#### PROMPT
In the entries that follow, find the line containing "Christmas decoration caught" and the line containing "Aerial view of", then copy exactly everything from the first through the second except the pictures.

#### ENTRIES SHOWN
* * *
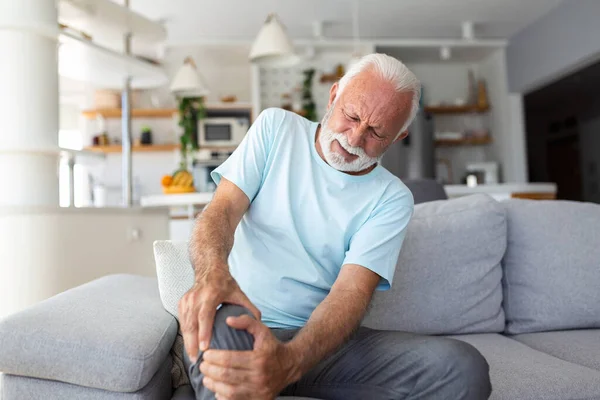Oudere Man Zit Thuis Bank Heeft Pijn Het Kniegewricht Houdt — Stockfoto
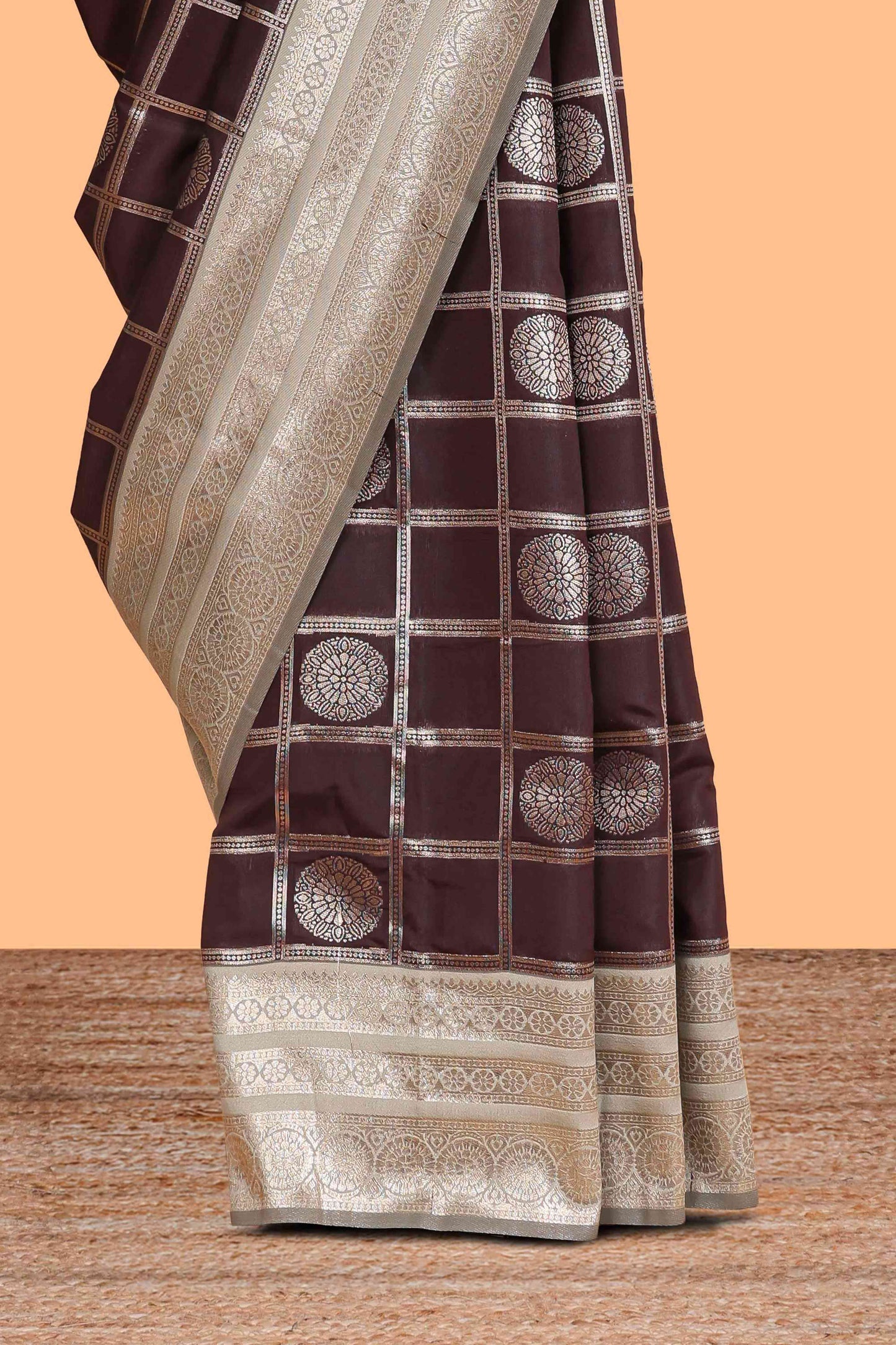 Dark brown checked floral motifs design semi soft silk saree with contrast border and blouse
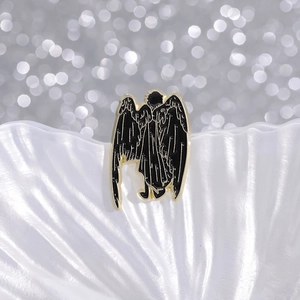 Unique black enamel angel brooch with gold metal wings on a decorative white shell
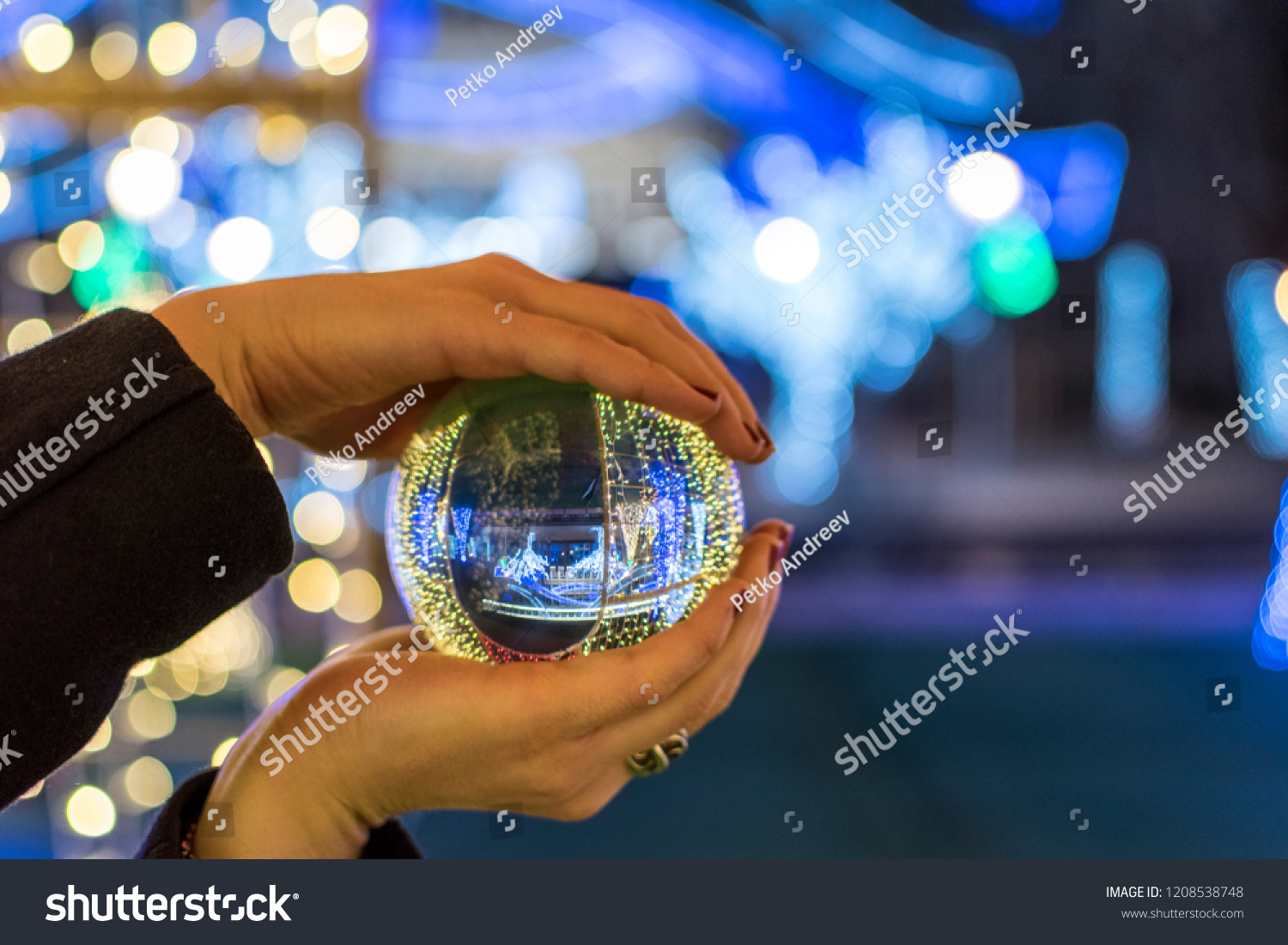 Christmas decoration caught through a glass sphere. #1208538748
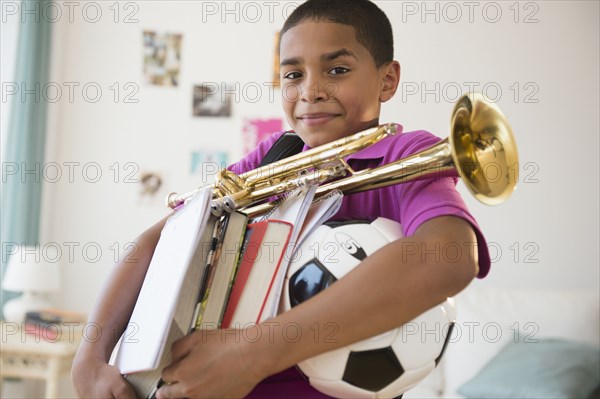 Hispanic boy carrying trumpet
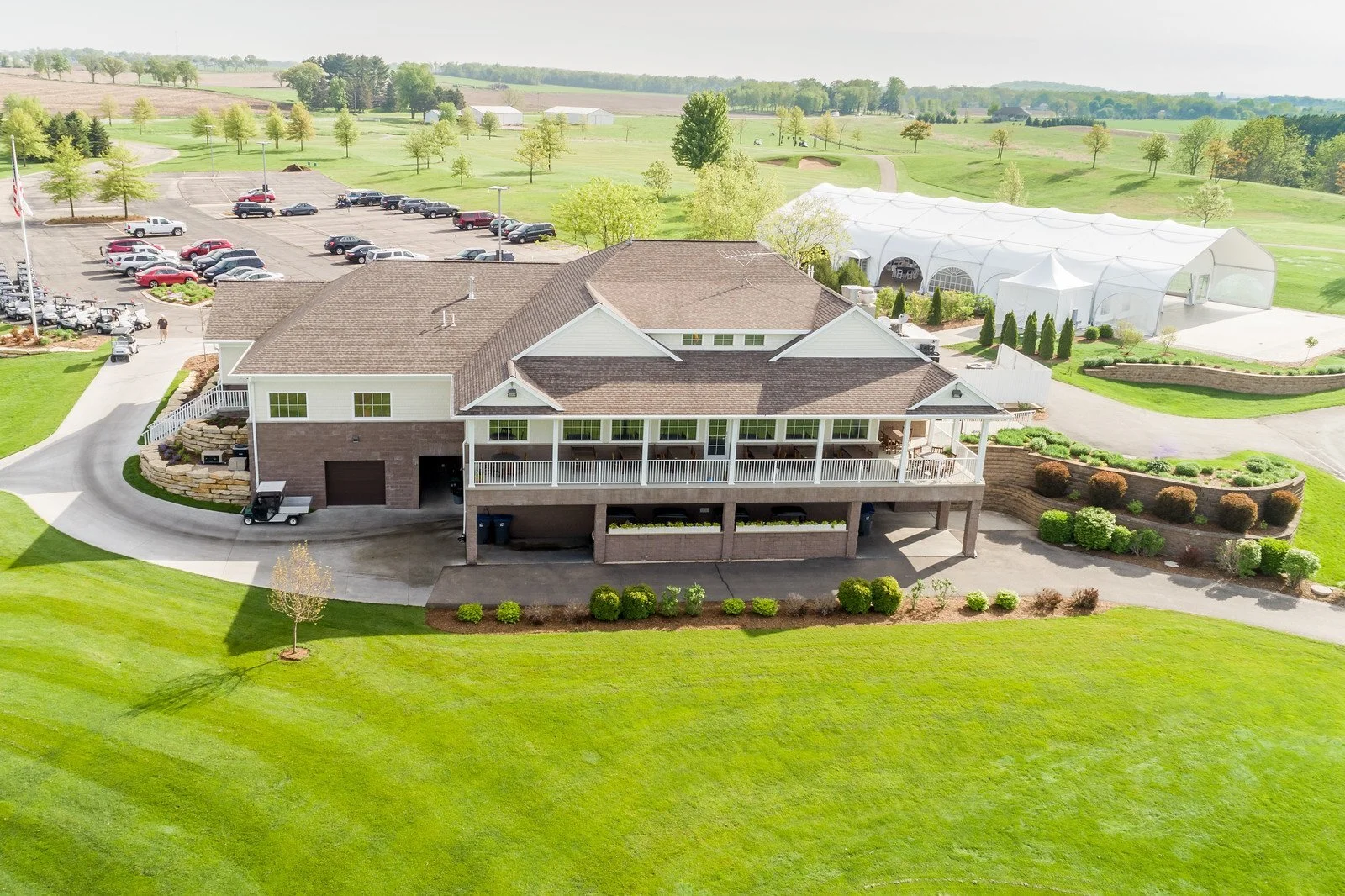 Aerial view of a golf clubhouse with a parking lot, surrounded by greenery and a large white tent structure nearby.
* * *
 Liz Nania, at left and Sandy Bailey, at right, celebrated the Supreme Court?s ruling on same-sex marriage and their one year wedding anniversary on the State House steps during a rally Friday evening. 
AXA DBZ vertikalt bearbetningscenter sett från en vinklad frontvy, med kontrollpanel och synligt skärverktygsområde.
* * *
#### FINAL ANSWER
 Christmas decoration caught through a glass sphere. #1208538748
 Hispanic boy carrying trumpet
 Aerial view of a golf clubhouse with a parking lot, surrounded by greenery and a large white tent structure nearby.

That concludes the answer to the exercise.